To be honest, Canada’s regulatory landscape is disorganized. When Parliament was prorogued in January 2025, the Artificial Intelligence and Data Act—which was supposed to be Canada’s first comprehensive federal AI law—was never passed. As a result, companies operating under PIPEDA were subject to both federal privacy duties and a patchwork of widely disparate provincial regulations. The protection of personal information in the private sector is covered by Quebec’s own Act, which has been revised recently with stricter regulations. British Columbia and Alberta each have their own variations. In January 2026, the Ontario Human Rights Commission and Ontario Privacy Commissioner jointly published guidelines for responsible AI use, which is a significant indication that regulators are taking attention. However, principles are not legally binding regulations. In the absence of regulation, businesses are nonetheless accountable under current law for any harm caused by their use of AI, even if the AI made the choice.

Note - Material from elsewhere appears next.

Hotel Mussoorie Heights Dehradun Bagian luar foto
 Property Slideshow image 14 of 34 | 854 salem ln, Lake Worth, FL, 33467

The disparity between the locations of larger and smaller businesses is difficult to ignore. Large national companies with specialized technology and privacy teams are developing safe, purpose-built AI technologies with data governance frameworks. They are the ones who draft the risk-related documents. Smaller businesses, which frequently use general-purpose consumer AI solutions like ChatGPT or Google’s Gemini, occasionally operate without any written policies, no audit trail, and no review procedure for AI outputs. In 2025, Borden Ladner Gervais LLP put it simply: many businesses are still “painfully unprepared.” There is a genuine compliance gap between the companies that can afford to do this well and those that cannot, and it will rapidly become apparent once the cases begin to come in.

It’s still unknown how many of these upcoming cases will yield important rulings or how courts will finally assess AI’s contribution to legal harm. However, it is easy to read the instructions. The aggressiveness of regulators is increasing. Class actions are becoming more and more common. Courts are becoming impatient with citations that are hallucinogenic. Even in the absence of a specific AI laws, the law itself offers a number of methods for determining culpability in cases where negligence caused harm. Businesses that are paying notice are currently getting ready. Those who aren’t will probably get another opportunity to learn about it in a court document.